▶ _Problem to work on_
From the line that includes "Apartments Bruno Split Exterior photo" to the closing line of the data, please transcribe every line exactly and add nothing.

▶ _Given data_

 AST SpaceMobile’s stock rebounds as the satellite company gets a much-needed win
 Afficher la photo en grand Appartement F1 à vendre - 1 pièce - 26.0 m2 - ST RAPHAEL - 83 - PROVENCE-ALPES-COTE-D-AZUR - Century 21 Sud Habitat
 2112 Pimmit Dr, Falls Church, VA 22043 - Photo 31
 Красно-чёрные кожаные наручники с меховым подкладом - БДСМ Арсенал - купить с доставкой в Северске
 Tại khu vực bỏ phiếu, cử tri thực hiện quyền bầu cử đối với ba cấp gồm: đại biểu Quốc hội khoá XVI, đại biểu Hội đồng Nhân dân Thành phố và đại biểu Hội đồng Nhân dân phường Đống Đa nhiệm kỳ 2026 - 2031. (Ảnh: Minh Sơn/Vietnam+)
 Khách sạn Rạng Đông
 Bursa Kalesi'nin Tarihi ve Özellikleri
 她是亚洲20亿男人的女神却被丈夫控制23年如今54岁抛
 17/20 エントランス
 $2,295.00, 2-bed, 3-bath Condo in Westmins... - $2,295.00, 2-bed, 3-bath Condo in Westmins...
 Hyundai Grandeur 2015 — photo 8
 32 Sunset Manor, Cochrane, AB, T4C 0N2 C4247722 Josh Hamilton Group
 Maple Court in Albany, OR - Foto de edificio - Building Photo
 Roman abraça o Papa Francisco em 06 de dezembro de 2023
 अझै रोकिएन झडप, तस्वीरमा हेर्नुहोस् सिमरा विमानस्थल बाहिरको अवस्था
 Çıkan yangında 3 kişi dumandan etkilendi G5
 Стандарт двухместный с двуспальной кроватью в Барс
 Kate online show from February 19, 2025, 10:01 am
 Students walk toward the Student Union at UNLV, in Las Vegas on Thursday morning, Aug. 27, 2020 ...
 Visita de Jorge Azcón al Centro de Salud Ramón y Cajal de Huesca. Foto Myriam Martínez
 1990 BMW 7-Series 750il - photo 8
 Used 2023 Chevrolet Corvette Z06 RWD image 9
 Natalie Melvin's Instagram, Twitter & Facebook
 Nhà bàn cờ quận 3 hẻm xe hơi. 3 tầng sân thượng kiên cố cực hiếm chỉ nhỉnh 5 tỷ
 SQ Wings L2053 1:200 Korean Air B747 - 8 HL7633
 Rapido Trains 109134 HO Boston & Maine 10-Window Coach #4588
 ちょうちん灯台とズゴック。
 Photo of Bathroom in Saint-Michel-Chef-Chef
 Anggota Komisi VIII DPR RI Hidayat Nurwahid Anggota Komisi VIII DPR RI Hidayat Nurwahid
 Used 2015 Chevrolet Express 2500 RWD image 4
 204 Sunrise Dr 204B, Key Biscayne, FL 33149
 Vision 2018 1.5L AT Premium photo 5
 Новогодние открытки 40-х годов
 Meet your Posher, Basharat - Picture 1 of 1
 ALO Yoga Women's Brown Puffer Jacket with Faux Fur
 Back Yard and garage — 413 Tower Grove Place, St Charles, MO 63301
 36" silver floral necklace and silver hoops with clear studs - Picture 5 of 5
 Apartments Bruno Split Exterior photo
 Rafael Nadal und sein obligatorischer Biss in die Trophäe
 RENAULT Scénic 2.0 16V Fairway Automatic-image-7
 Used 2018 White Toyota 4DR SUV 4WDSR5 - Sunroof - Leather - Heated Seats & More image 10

▶ _Solution_
 Apartments Bruno Split Exterior photo
 Rafael Nadal und sein obligatorischer Biss in die Trophäe
 RENAULT Scénic 2.0 16V Fairway Automatic-image-7
 Used 2018 White Toyota 4DR SUV 4WDSR5 - Sunroof - Leather - Heated Seats & More image 10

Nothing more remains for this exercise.